Yeah. The play and leisure, it's a good question. This is Dr. Sullivan. The two figures that we showed on the slide do have very different N's, right? The Admiral Study, around 20 patients, whereas the open-label extension includes all patients. And we can see that there is, and we also have a longer period of time in the open-label extension to give that an opportunity to change.
So I don't have a great explanation other than to say it's a small n and maybe just some noise in the data for the Admiral. But overall, I wouldn't expect any treatment to really sub-select out a worsening in play and leisure because you can imagine all of the other skills that we're seeing improvement in. One would think that that would contribute positively to the play and leisure activities as well. But I don't have a great explanation for the small sort of relative, I guess, worsening in the play and leisure in the smaller study. So just to add to that, and Dr. Brunklaus here, really from a statistical point of view, the play and leisure in the open-label follow-up study up to 20 months is actually one of the greatest improvements we see. And it's much more powered in that combined cohort.

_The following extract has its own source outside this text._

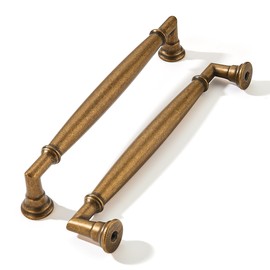khtumeware 10 Pack 6 Inch(152mm) Antique Brass Cabinet Pulls Heavy Duty Solid Vintage Brass Cabinet Handles Kitchen Antique Bronze Cabinet Hardware for Cupboard Drawer Handles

So, I think the result from the Admiral is based on, because there's a small patient number, the error bar actually crosses zero, so it's not significant. And what we see actually with 12 and 24 months, really strong signal that that's one of the areas that actually improved over time significantly. Yeah. So, I'd like to close this and thank everyone for participating. I think what this exemplifies this call is it really does take a village to get a new therapy to patients. What we've seen is we have the patients, the families, the advocacy groups, our investigators who have really all helped us and the Stoke team getting this together to try to develop a new therapy. It is not easy, but I think we're all really trying to make sure that we get the best therapy to patients as quickly as we can.
So I want to thank everyone for all their help with this.
Thank you. That concludes today's conference call. Thank you all for attending. You may all disconnect.